Morris Motors Limited, the predecessor of The British Motor Corporation, was founded in 1913 in Great Britain by William Morris, a former bicycle manufacturer with car trading skills. The company functioned under the name W.R.M. Motors till 1919. Morris firstly hired and repaired used cars until he started building his own automobiles, Morris Oxford the “bullnose” (a small two-seat car) and Morris Cowley (a two or four-seat larger car).
 
The years between World War One and Two were fruitful for Morris Motors which became the best-selling manufacturer on the British Isles, more favoured than Austin or Ford. In 1924, sport versions of Morris’s cars were introduced in Oxford under the brand name Morris Garage (MG).

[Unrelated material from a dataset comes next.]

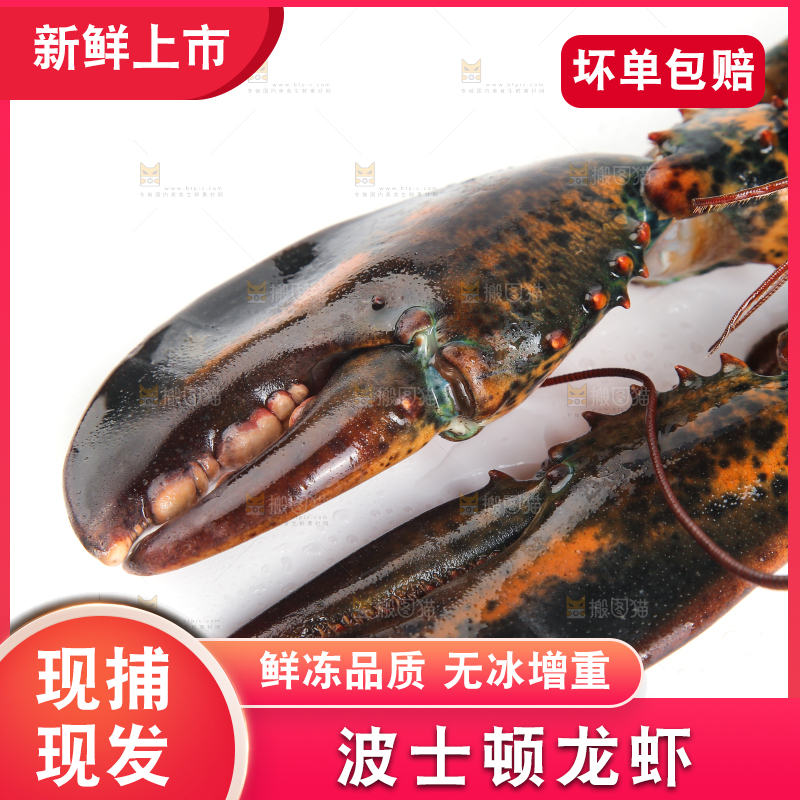 白底上放着波士顿大龙虾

At that time the managing director of MG was Cecil Kimber who made a significant contribution to designing car bodies for Morris.
 
Another great success was a precursor of today’s MINI brand and that was Morris Minor (1928). Introducing the mini car was the right step during the depression period (late 1920s) which was difficult for all car manufacturers. However, it was the after-the-war redesign by Alec Issigonis that made Morris Minor so popular so that it was sold in over a million pieces.
 
In 1952 Morris Motors Limited merged with Austin Motor Company Limited forming British Motor Corporation. As a result, due to rebadging, similar cars drove under several different marques. For example, Morris Mini (British pop icon of 1960s) was also known as Austin Cooper, Austin Mini or Innocenti Mini. The last vehicles branded as Morris left an assembly line in the early 1980s and they were Morris Marina and Morris Ital.